Tom Morello (born May 30, 1964) is a Grammy Award-winning American guitarist best known for his tenure with the bands Rage Against the Machine, Audioslave, his acoustic solo act The Nightwatchman, and his newest group, Street Sweeper Social Club. Tom is also the co-founder (along with Serj Tankian) of the non-profit political activist organization, Axis of Justice. He is best known for his unique and creative guitar playing style, which incorporates feedback noises, unconventional picking and tapping as well as heavy use of guitar effects. He was ranked #26 in Rolling Stone’s list of the “100 Greatest Guitarists of All Time.”
Tom’s guitar rig is pretty simple. Most of his main guitars are low-end models, often scrapped together and assembled by Tom himself – like the Arm the Harmless guitar which he used in the Rage Against the Machine. He’s been using one exact same amp since the beginning of his career – the Marshall JCM800, and his main effect is the Digitech Whammy pedal.
Tom Morello’s Electric Guitars:
Kay K-20T SG
|This is the first guitar Tom ever bought. The guitar was on sale at the local music shop as sort of a starter-pack (guitar and amp as a combo), and Tom paid one half of the price – which was $50, while his mother paid for the rest.|
Kay guitars were manufactured in Japan, and sold in the US for a very affordable price. Tom’s Kay SG replica featured cherry red finish, plywood body, Bigsby-style tremolo, and two blade pickups.
1980s Gibson Explorer II – E2
|As Tom became more serious about playing he decided it’s time to invest some money in a better guitar. The choice fell on a Gibson Explorer with a flat gold finish. The guitar featured five piece maple and walnut laminate body, ebony fingerboard with dot inlays, two humbuckers pickups, black pickguard, gold plated hardware, and a Gibson TP-6 tailpiece.|
Tom used this guitar with his high school band called “The Electric Sheep”. Later on, he brought it with him and used it for practicing during the time he was enrolled at Harvard University around 1982, and continued using it after moving to LA in 1986. Sometime during that time he removed the original tailpiece and installed a Kahler tremolo bridge – which according to Tom ruined it’s sound. Nonetheless he kept playing the to this day, and to some extent he used it on every record he ever made.
Arm the Homeless
|Tom bought this guitar after moving to LA in 1986 at a store in Hollywood called “Performance Guitar”. It was completely custom-built – meaning that Tom chose every single piece of it himself, even though at the time he didn’t know much about guitars – or at least none of the things related to building one. The result wasn’t what he hoped for, and over next two years he completely modified it to fit his needs, leaving only the body original.|
In it’s original state, the guitar featured a light-blue colored rear loaded Stratocaster-style body and a Performance Corsair neck, two Seymour Duncan JB humbuckers, and the original Floyd Rose chrome unit. Tom changed the neck couple of times, and eventually settled for a graphite Kramer-style neck which he found in a bin at a place called “Nadine’s Music”. He also swapped the tremolo bridge more than a few times, going over all of the versions of Kahler and Floyd Rose models, but eventually fitting the guitar with the Ibanez Edge double locking tremolo. He also removed the original pickups and installed the EMG 85/EMG H set.
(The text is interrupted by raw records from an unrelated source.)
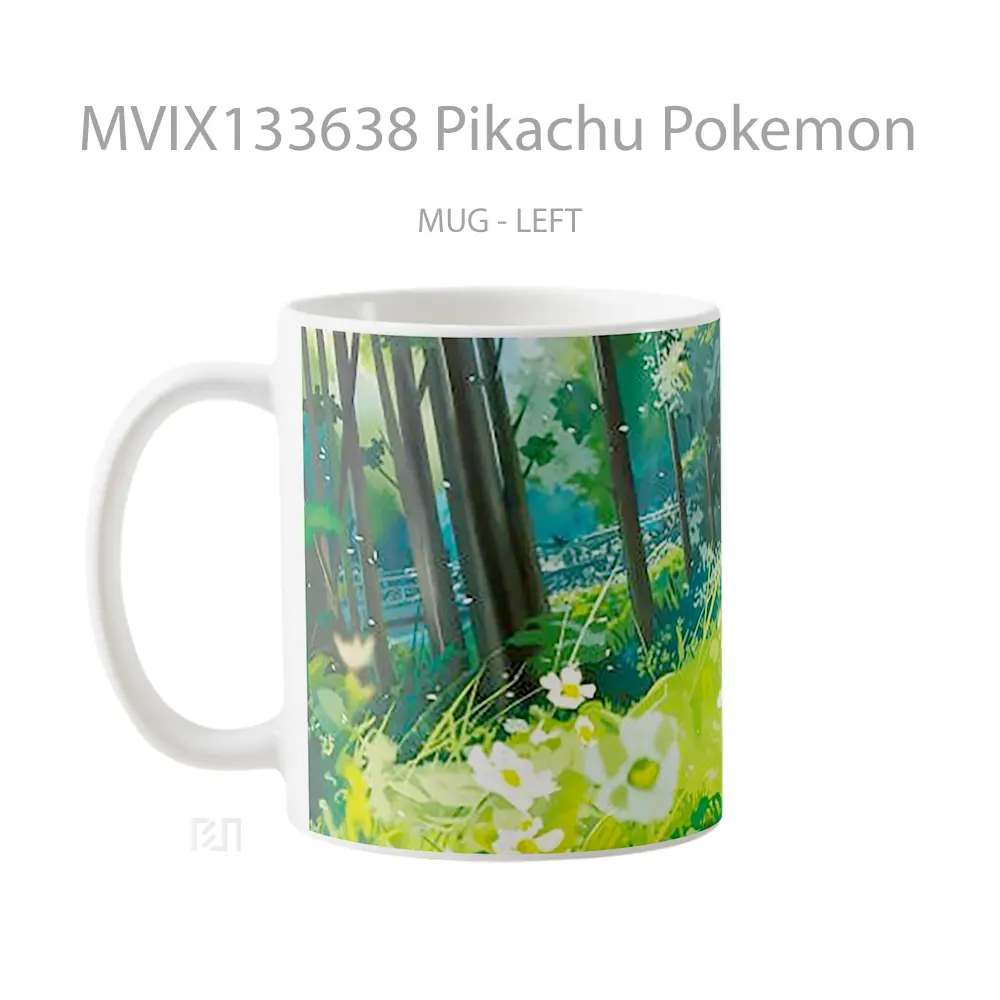 Mug Pikachu Pokemon Cangkir Anime - All-side / Desain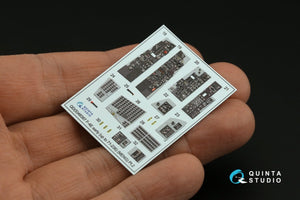 Quinta Studio QD+48387 F-4E early with slatted wing 3D-Printed &amp;amp; coloured Interior on decal paper (Meng) (with 3D-printed resin parts) 1/48 – zdjęcie 7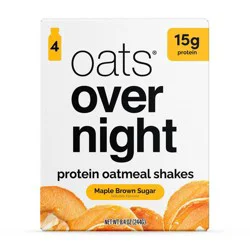 Oats Overnight Maple Brown Sugar Breakfast Shake - 8.4oz/4pk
The guitar is decorated with couple of drawings of a hypo done by Tom himself (it is supposedly the only he could draw, and he only knew how to draw them facing the left side). Around 1993 he carved the words saying “Arm the Homeless” which quickly became the guitar’s nickname due to lack of actual branding.
Tom used this guitar as his main during the RATM era for the standard tuned songs, and retired it around 2002 as he started playing with Audioslave. He took it out of retirement as soon as 2005 during the writing of ‘Out of Exile’ album, and since then it has been used regularly like before. When RATM reunited in 2007 it was back as his main guitar, and remained as such to this day.
1982 Fender Telecaster “Sendero Luminoso”
|This was/is Tom’s main guitars for all of the songs songs which are played in a dropped-D tuning – most notably “Killing in the Name”. The guitar originates from Tom’s roommate, who at the time played in a band called “Liquid Jesus” and was in need of an amp. Tom gave him a Marshall head, and got this Telecaster in return. This happened sometime prior to 1990, although we have no exact date.|
Tom’s Telecaster was made in the US, and features black finish, maple neck, white pickguard, two original single-coil pickups, and a six saddle bridge. It is decorated with various stickers including the one which is responsible for the guitar’s nickname reading “Sendero Luminoso” – which when translated to English means “Shining Path”. This is a name of a radical organization in Peru, which is classified by the Peruvian government, the U.S., the European Union, and Canada as a terrorist organization [Shining Path – Wikipedia].
Another sticker behind the bridge shows couple of Kenyan people holding a sign which says “Go Home Honestly, We Hate You”. This photo dates back to 1950s and the Mau Mau Uprising that happened during the time Tom’s father was living in Kenya.
1960s St. George MP-2 “Creamy”
|Tom bought this guitar at a pawn shop in Toronto for around $30. Although we’re not completely positive on this, but this was probably around 1993 while the band was doing North American tour.|
St. George guitars are a sort of a mystery. They were produced for a short period of time in the 60s in Japan, and sold in the US mostly alongside Teisco guitars. Tom’s model is finished in blonde/yellow color, and features two pickups, one of which was replaced with a DiMarzio Super Distortion T. His guitar is also missing the badge on the headstock, so for long time Tom didn’t know the actual model of the guitar, and it was mostly called just “creamy”.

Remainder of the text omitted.